Однако зададимся вопросом: насколько модель культуры, легитимируемая паралогией, соответствует парадигмам русской культурной истории? Соответственно насколько она может быть усвоена русской культурой? Ответ на этот вопрос добавил бы новое измерение к дискуссии об органичности русского постмодернизма и о его специфике в сравнении с западной постмодернистской парадигмой.
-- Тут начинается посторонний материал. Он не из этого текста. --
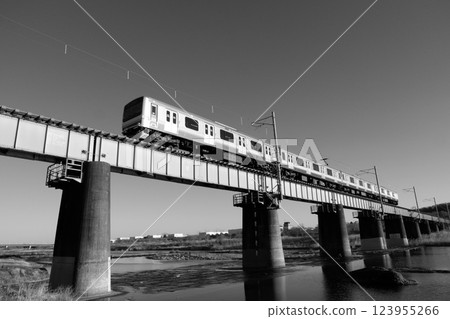 Hachiko Line train crossing the Tamagawa railway bridge 123955266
Ю. М. Лотман и Б. А. Успенский определили специфику русской модели культуры как «принципиальную полярность, выражающуюся в дуальной природе ее структуры»[160]. Это означает, что основные культурные ценности русской культуры «располагаются в двухполюсном ценностном поле, разделенном резкой чертой и лишенном нейтральной аксиологической зоны» (с. 90), что вызывает формирование принципиально катастрофического типа культурной динамики:
Дуальность и отсутствие нейтральной аксиологической сферы приводили к тому, что новое мыслилось не как продолжение старого, а как эсхатологическая смена всего… Новое возникало не из структурно «неиспользованного» резерва, а являлось результатом трансформации старого, так сказать, выворачивания его наизнанку. Отсюда в свою очередь повторные смены могли фактически приводить к регенерации архаических форм (с. 90).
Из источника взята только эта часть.